The image generated on CentOS, without cropping, generated the worst result
It missed out the logo portion, i.e. 'SlicedInvoices'
It misspelled 'Prom', instead of 'From'
The cropped CentOS image is in the middle
It retains the logo, although it produced lower case 'l', instead of upper case 'I' for the first word 'SlicedInvoices'.
It produced 'From' correctly
It missed the 'I' of the second word 'Invoice'
Again, there's no documentation about what Google Vision API expects and does with these images. The following are purely based on observations.

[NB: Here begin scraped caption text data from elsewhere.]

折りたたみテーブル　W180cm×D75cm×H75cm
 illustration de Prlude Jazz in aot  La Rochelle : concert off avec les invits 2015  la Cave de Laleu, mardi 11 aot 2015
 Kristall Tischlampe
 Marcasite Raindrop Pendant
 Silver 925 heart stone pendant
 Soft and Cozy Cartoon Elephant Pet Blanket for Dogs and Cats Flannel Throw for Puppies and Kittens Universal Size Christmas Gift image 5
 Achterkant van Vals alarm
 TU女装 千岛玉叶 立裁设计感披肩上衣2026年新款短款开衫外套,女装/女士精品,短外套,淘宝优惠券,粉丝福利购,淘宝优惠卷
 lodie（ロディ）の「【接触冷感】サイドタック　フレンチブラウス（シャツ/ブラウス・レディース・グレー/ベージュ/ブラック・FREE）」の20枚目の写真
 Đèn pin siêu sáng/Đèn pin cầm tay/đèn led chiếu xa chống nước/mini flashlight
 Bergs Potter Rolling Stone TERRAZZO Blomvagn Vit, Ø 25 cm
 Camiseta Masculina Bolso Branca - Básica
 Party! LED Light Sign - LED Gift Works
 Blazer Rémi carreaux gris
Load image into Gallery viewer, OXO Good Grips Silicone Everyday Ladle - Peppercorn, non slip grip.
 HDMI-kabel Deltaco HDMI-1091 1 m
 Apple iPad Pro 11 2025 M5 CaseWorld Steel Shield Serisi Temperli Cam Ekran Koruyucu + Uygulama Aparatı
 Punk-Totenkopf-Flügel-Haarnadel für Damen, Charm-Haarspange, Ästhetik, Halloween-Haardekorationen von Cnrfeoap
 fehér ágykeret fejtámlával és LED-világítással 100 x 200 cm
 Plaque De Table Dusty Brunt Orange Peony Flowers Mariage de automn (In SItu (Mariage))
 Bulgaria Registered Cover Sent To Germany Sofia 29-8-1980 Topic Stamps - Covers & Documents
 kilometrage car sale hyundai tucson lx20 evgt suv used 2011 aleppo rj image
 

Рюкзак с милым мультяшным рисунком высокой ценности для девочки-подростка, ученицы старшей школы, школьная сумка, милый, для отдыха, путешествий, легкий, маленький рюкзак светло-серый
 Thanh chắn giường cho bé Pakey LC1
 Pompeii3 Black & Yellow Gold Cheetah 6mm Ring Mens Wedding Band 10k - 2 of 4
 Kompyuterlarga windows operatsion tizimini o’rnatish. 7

If any visitor can shed light on this, please leave a message.
It seems Google Vision API expects certain aspect ratio between the width to height. When it sees an out-of-range image, it might resize, and/or crop, the image. Depending on the font type, this could result in unrecognized or misinterpreted text.
Although ImageMagick on Mac OS produces the best result, it is unlikely the operating system for your production environment. If your production is using CentOS, it would be better to generate an image that minimizes the chance that Google Vision API had to perform additional transformation. The ratio we found that is optimal is 0.75.
To achieve that ratio, it is better to crop than resize the image. Simple resizing might distort the font. All OCR system are trained with certain font types. It is no exception for Google Vision API.
For invoice images, if one has to choose, it might be better to crop off the bottom as opposed to the top in order to fit the 0.75 ratio.